- _The problem_
Output exactly, and only, the lines below from the one with "种下棵棵树 收获一山绿——记牟家大山林业管理站站长王占胜" down to the one with "ممنوعیت صادرات گوجه فرنگی آن را گران‌تر کرد". Include both end lines and no pictures.

- _Material provided_
****************************************

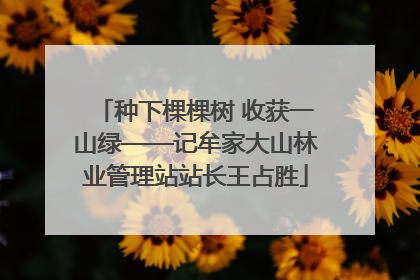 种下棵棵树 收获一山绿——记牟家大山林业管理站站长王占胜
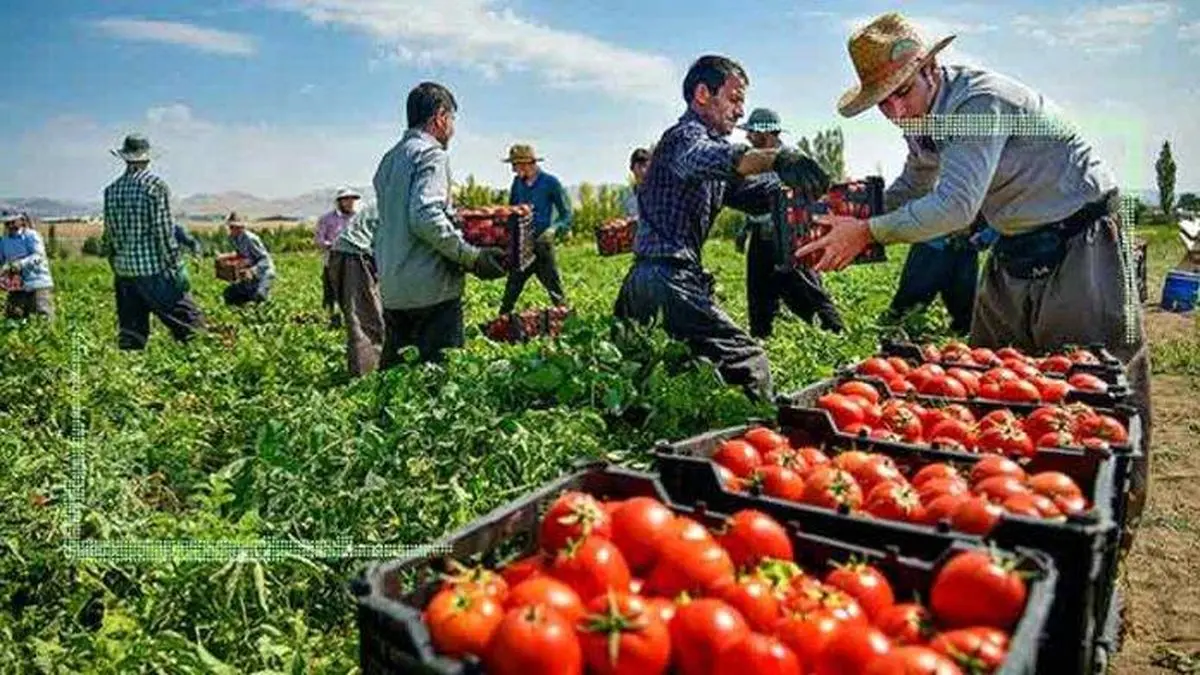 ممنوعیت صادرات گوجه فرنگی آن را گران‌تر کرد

****************************************

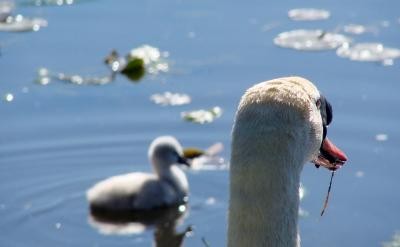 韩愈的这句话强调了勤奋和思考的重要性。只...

****************************************

- _Task response_
 种下棵棵树 收获一山绿——记牟家大山林业管理站站长王占胜
 ممنوعیت صادرات گوجه فرنگی آن را گران‌تر کرد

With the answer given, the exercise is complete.